Posted by on Wednesday, September 11, 2019 in News.

If you think learning traditional paper origami is a difficult practice, try wrapping your head around origami on the atomic scale.

In “Atomically-Precise, Custom-Design Origami Graphene Nanostructures,” published today in the journal Science, an international team of researchers have accomplished just that, using sophisticated and precise control of atoms to experiment with new structures and set the stage for future generations of breakthroughs in quantum technology.

“Under atomic-scale control of these graphene-based nanostructures, researchers are able to build fascinating new structures,” noted Vanderbilt University Distinguished Professor of Physics and Engineering Sokrates T. Pantelides who collaborated on the research. “In the future, these fundamental discoveries are likely to serve as groundwork for new devices our current generation can’t even begin to imagine.”


Prof. Sokrates Pantelides, of the Physics and Astronomy dept. (Vanderbilt University / Steve Green)

While the ancient art form of origami is currently used in large-scale applications, such as in architecture or battery design, researchers have long sought to apply origami techniques to small atomic structures, including graphene – a two-dimensional semimetal and “supermaterial” capturing the attention of researchers around the world for its properties of tensile strength, flexibility and impermeability – to name a few. However, technological limitations prevented researchers from using origami’s fine control to build and manipulate custom graphene structures.

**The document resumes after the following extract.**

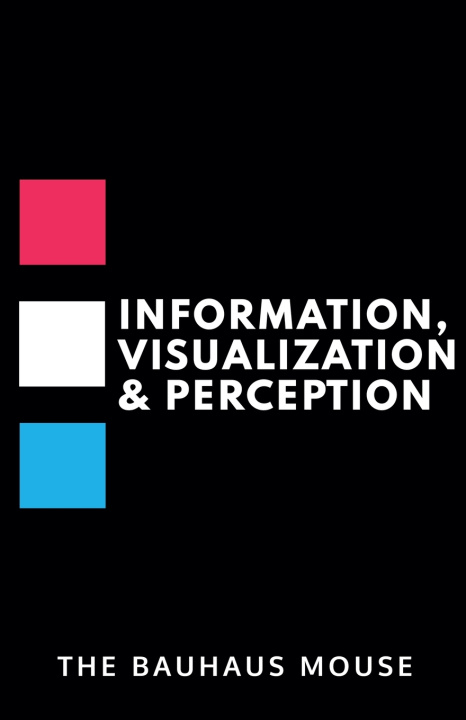 Knjiga INFORMATION, VISUALIZATION & PERCEPTION The Bauhaus Mouse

A collaboration between Pantelides, University of Maryland Professor Min Ouyang, and a team of researchers at the Institute of Physics of the Chinese Academy of Sciences in Beijing headed by Professor Hong-Jun Gao, the findings build on many years of investigations of carbon-based nanostructures, including the discovery of carbon nanotubes and the successful isolation of monolayer graphene, which was awarded the 2010 Nobel Prize in Physics.